Good Luck..Have Fun!


----------



## fimbulvetr (Aug 21, 2016)

I also like The Grocery or The Ordinary for dinner, Proof for a cool bar with a great stock of whiskeys and less to prove than The Gin Joint or Husk, The Hominy Grill for shrimp and grits and anything vegetable-heavy, and I've been dying to try the Short Grain food truck or the 2 Nixons pop-up for Lowcountry food inspired by Japan and sometimes the other-way-round.


----------



## daveb (Aug 21, 2016)

Shoot KnyfeKnerd a PM or FacieBookie. He's recently landed in Charleston.


----------



## alterwisser (Aug 21, 2016)

daveb said:


> Shoot KnyfeKnerd a PM or FacieBookie. He's recently landed in Charleston.
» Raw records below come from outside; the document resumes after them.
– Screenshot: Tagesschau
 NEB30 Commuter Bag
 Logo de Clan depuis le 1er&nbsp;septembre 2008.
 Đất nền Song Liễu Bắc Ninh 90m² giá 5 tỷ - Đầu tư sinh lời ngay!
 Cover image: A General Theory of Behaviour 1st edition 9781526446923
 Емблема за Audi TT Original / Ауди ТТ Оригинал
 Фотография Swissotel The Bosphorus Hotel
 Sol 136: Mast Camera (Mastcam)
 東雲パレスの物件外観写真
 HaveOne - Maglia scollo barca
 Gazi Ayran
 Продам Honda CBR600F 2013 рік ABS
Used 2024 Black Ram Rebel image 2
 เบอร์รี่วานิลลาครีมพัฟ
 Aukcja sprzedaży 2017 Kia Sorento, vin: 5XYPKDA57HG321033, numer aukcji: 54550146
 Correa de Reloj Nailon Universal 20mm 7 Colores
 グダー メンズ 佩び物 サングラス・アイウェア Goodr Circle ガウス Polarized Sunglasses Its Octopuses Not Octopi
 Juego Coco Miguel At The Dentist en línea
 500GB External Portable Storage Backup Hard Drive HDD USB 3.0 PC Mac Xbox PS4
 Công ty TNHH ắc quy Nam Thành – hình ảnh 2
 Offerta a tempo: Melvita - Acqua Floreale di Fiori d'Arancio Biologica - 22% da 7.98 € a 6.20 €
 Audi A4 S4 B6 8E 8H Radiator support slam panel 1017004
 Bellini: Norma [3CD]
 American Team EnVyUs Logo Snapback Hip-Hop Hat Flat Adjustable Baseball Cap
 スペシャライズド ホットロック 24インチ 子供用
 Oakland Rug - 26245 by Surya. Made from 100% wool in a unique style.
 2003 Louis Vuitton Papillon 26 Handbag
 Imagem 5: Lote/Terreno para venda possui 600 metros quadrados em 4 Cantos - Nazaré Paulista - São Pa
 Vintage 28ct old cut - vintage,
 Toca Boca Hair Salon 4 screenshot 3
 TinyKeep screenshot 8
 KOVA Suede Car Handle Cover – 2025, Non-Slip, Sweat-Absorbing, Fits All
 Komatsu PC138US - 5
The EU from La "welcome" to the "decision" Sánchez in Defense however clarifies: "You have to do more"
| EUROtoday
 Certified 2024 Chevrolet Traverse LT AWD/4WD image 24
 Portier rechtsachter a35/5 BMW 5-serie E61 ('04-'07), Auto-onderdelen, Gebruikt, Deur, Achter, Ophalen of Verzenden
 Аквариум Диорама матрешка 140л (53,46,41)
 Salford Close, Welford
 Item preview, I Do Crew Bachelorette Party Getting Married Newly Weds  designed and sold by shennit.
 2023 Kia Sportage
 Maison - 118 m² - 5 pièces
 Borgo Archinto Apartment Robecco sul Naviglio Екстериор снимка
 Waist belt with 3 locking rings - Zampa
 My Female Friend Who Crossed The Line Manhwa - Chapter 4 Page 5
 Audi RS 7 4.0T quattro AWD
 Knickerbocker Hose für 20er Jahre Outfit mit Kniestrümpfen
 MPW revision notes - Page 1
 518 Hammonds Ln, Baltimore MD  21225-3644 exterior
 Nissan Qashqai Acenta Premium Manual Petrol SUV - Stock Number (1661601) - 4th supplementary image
Would love to see their recommendations posted, we're heading there in December...


----------



## chinacats (Aug 21, 2016)

For casual cafe fare, I enjoy Rue de John...agree about trying to get up with Knyfeknerd as he's been there long enough now to know the ropes


----------



## knyfeknerd (Aug 22, 2016)

chefpaulm said:


> Cheflarge
> I was in Charleston over the spring. I found these places excellent. Charleston is a Foodie Town!
> 
> 167 Raw- Great seafood very fresh..Great Oysters & Clams
> ...



Plus one to all these. 
Fast & French is a good funky spot for lunch and Brown Dog Deli too......
Rooftop at Grand Bohemian for drinks, but definitely Gin Joint is tops......
Leon's Oyster Shop
Mercantile and Mash
Circa 1886
Fat Hen-not in Charleston proper, but worth it.
Cypress
The Macintosh
Plenty of others if you venture over one of our many bridges. It's just starting to slow down a little as far as tourism goes (thank God)......which makes the city a lot more enjoyable.


----------



## cheflarge (Aug 22, 2016)

Thank you all for your suggestions & replies!!! It is greatly appreciated! lus1:

Al


----------



## tkern (Aug 23, 2016)

Gin Joint for cocktails, Craftsmen for beer. My previous chef just opened a restaurant in a hotel called Henrietta's at the Dewberry. I know his food and I can promise that it will be delicious.


----------



## mhlee (Aug 24, 2016)

If you have a car, and will be there during the weekend, I recommend going to Scott's barbecue just outside of Charleston in Hemingway.


----------



## rahimlee54 (Aug 27, 2016)

I ate at a few of these when I went a couple years ago. All good but by far the best thing I ate in Charleston was the cornbread at Husk. If you make it to husk get the corn bread it's fantastic.


----------



## cheflarge (Sep 4, 2016)

Margaritas, prosciutto & fig appetizer, sangiovese wine, red snapper & suckling pig were all a huge success!!! Again, thanks to all for the replies. lus1: :cool2:


----------